Achieving the Sustainable Development Goals to end extreme poverty by 2030 will require about $4.5 trillion annually, far more than multilateral development banks or donors can provide by themselves. To face this challenge, the World Bank Group adopted the MFD approach, which entails working with governments to crowd in the private sector while optimizing the use of scarce public resources. This approach is guided by the Hamburg Principles adopted by the G20 in 2017 and builds on the substantial experience across the institution.
Timor-Leste’s future is brighter today thanks to steps taken by the government to open its economy and enable investment. One of its largest private investments in public infrastructure is the Tibar Bay port, the country’s first PPP project. The World Bank and IFC assisted in building up the government’s PPP capacity, structuring the project, and securing interest from international investors. Now under construction, the state-of-the-art port will increase cargo capacity, improve the business climate, and help diversify the economy and create jobs.
In the early 2010s, Timor-Leste began its recovery toward social and economic stability. But its progress and growth prospects were held back by poor infrastructure. To support growth and create jobs, the government prioritized major infrastructure investments such as shipping ports and airports. However, it was difficult to attract international investors to finance and build the much-needed infrastructure because the country had only recently emerged from conflict.
The MFD Approach
IFC worked with support from the Public Private Infrastructure Advisory Facility (PPIAF) and the Asian Development Bank (ADB) to help the government define its PPP pipeline and select Tibar Bay port as the country’s first PPP project. The World Bank implemented PPIAF’s technical assistance grant to set up Timor-Leste’s PPP unit and strengthen its technical expertise. The Bank also mobilized funding from Australia’s Ministry of Foreign Affairs and Trade (DFAT) to support the PPP work. IFC helped structure the Tibar Bay PPP transaction and tendering of the project to leverage private investment alongside the government’s contribution.
Setting Up the Regulatory Framework and Institutional Capacity
In 2011, PPIAF provided a $75,000 technical assistance grant to enable IFC to work with the government and define its PPP program. As a result, more than 20 projects were identified, including the Tibar Bay port.
To move the program forward, in 2012 PPIAF and DFAT provided technical assistance grants of $250,000 and $500,000, respectively. The World Bank implemented the assistance, which deepened the government’s capacity for managing PPP projects and large investments. A PPP unit was set up within the Ministry of Finance in 2013 and worked closely with the World Bank, using the grant funding to design policy guidelines and operating procedures for assessing and financing PPPs in a fiscally sustainable way. The assistance also targeted the government’s overall capacity to develop future infrastructure PPP projects, engage with local communities to explain the projects, as well as structure bankable transactions to attract private sector participation. The funding also helped establish a mechanism for using the country’s Petroleum Fund to make public contributions to PPP projects.

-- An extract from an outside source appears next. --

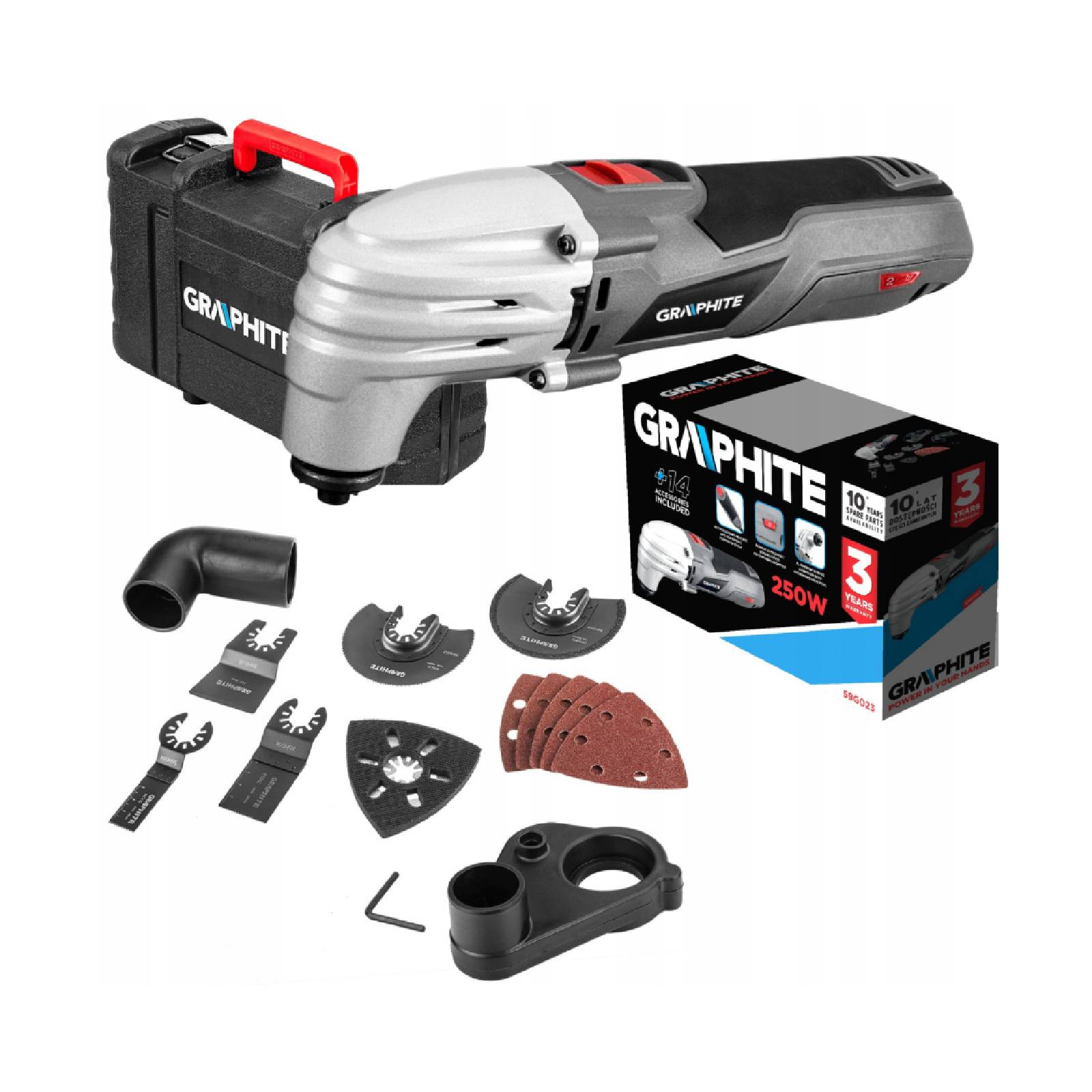 Utensile multifunzione per smerigliatura e raschiatura con sistema di attacco accessori universale 250W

In 2013, with additional support from ADB, the government enacted new PPP legislation, which today underpins the implementation and development of PPP projects in the country.
The PPP Program
Implementation of the Tibar Bay port PPP transaction began in 2013. IFC helped the government structure the project and attract international investors to bid. As lead transaction adviser, it assisted the government in selecting private sector partners who could finance, construct, and operate the port. IFC adapted its advisory tools to provide support over a six-year timeframe, covering multiple phases of concept development, transaction structuring, tendering, and financial close. IFC also helped the government introduce global environmental and social standards for infrastructure.
In parallel, the government continued to build its capacity, working with the World Bank on strengthening its institutional capacity in PPP and investment issues. The expertise provided by the Bank Group allowed the PPP unit to lead the government’s efforts in undertaking analysis and financial structuring options for the Tibar Bay port at par with international best practice, as well as examine related environmental and social protection issues.
In 2016, the French transport conglomerate, Bolloré, won the 30-year concession through an open and transparent competitive tender. Bolloré will invest $150 million in the first stage of construction, the largest private investment in the country to date outside of the oil and gas sector, with the government contributing $130 million in viability gap financing. Construction is expected to take up to 3 years, create about 500 local jobs, and give the economy a much needed boost.
In early 2018, Timor-Leste received a final $90,000 grant from PPIAF that enabled IFC to help the Tibar Bay PPP project reach financial close in August 2018. The assistance focused on capacity building for the Tibar Bay Project Management Unit and included the completion of a contract management manual and training.
Making a Difference
The port is vital for government efforts to establish new logistics and industrial zones that will help diversify Timor-Leste’s economy, create economic opportunities for its citizens, and open doors for future private investment in the nation’s infrastructure. Through the PPP program, the government benefited from private sector expertise in designing, constructing, and operating a world-class container terminal port.
The joint advisory work by the World Bank and IFC leveraged the respective strengths of each institution. The additional mobilization of funds and support from DFAT and ADB demonstrates the effectiveness of the MFD approach that has helped transform Timor-Leste’s investment environment.